The histopathological studies of CORACTO (Rapamycin eluting stent) were carried out at this center and very satisfying results were obtained. Additionally, the results of the animal study were also pleasing. The difference between this study and the animal study –which was conducted by cardio-histopathologs- is the examination of restenosis instead of endothelialisation. These studies have been carried out exactly as they were specified in the CE Quality Standard. When the significant decrease in the restenosis (re-narrowing) rates, which is an occurrence that may happen after the implantation of the drug-eluting stents compared to bare stents, are taken into consideration, this study is a prerequisite for demonstrating the efficiency of the CORACTO stent.

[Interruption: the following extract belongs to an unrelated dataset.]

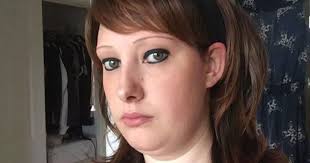 Young mum has rare condition which causes her to tear her eyebrows off and  pull out her hair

The drug delivery system of CORACTO stent is different from its competitors in the market because it is made of a biodegradable polymer. Thus, after the operation, the polymer separates into its monomers and disappears by decomposing inside the body within a certain period of time. Due to its drug release system, restenosis is prevented from happening. In the studies conducted, stent’s drug release profile demonstrates that the desired endothelialisation takes place. Due to these features, patients do not have to be treated with anti-platelet therapy for a long time – as is the usual case with other competing products.
This feature will make CORACTO usable on patients who are not suitable for anti-platelet treatment or who are going to undergo another operation within a short time span. This is because whilst the anti-platelet treatment is used for clotting and for the prevention of pertinent risks that occur, it puts the patient temporarily in a hemophilic condition in a controlled manner. In other words, the blood becomes highly liquified and hence cannot be easily stopped in case of bleeding. Such a condition is the most serious side effect which affects the quality of life of the persons pursuant to the implantation of other drug-eluting stents of this type in the market.

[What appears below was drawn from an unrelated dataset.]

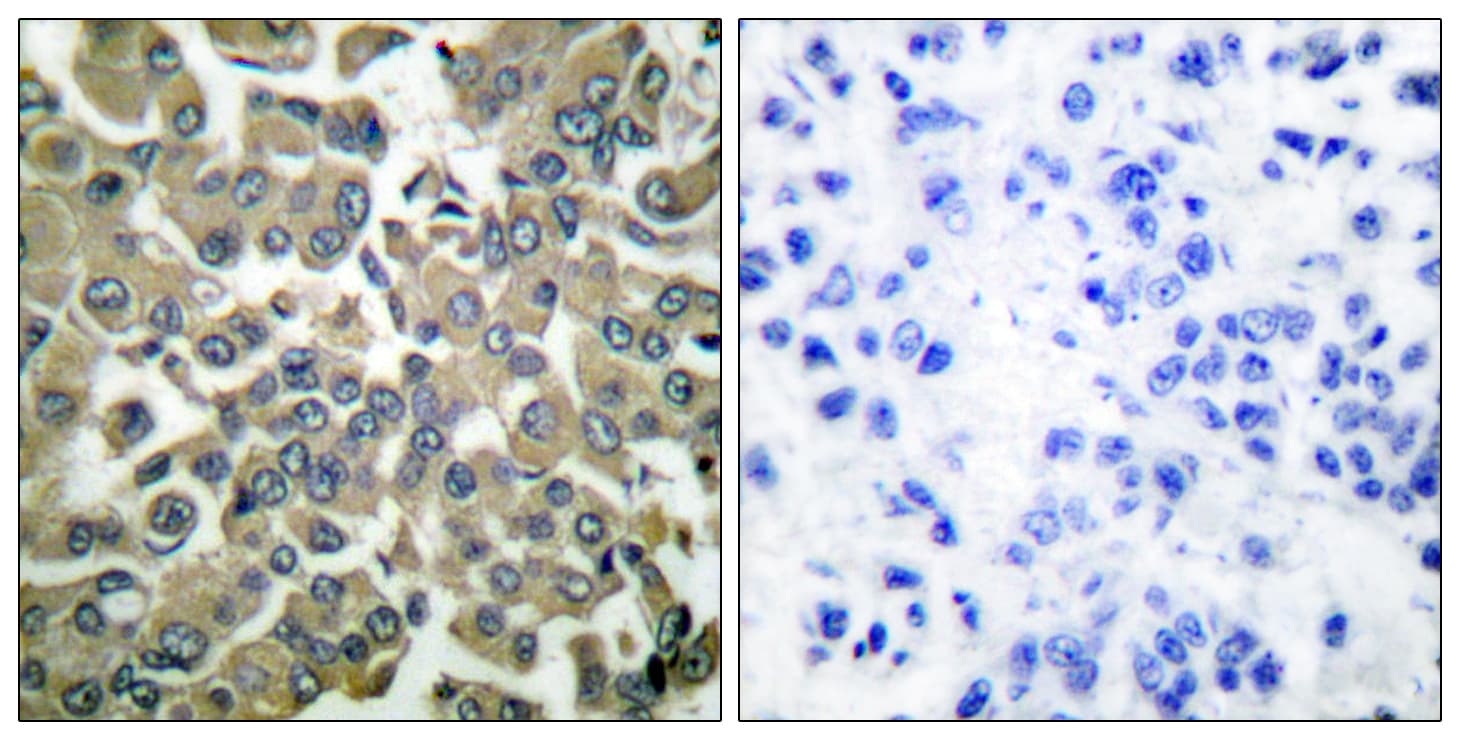 WNK1 Antibody (phospho-Thr58)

The dissolution of the polymer pursuant to the completion of the drug release in CORACTO ensures stent’s adaptation to the body within the shortest time. Thus, the drug integrated with the stent eliminates the reasons for the disease. Afterwards, the polymer, which carries the drug, disappears and this particular function prevents the side effects of additional medication treatment. Along with its positive biological effects, the implantation of Coracto also lifts a certain amount of economic burden from the patients’ shoulder by guarding them from the excessive cost of a long-term medication treatment.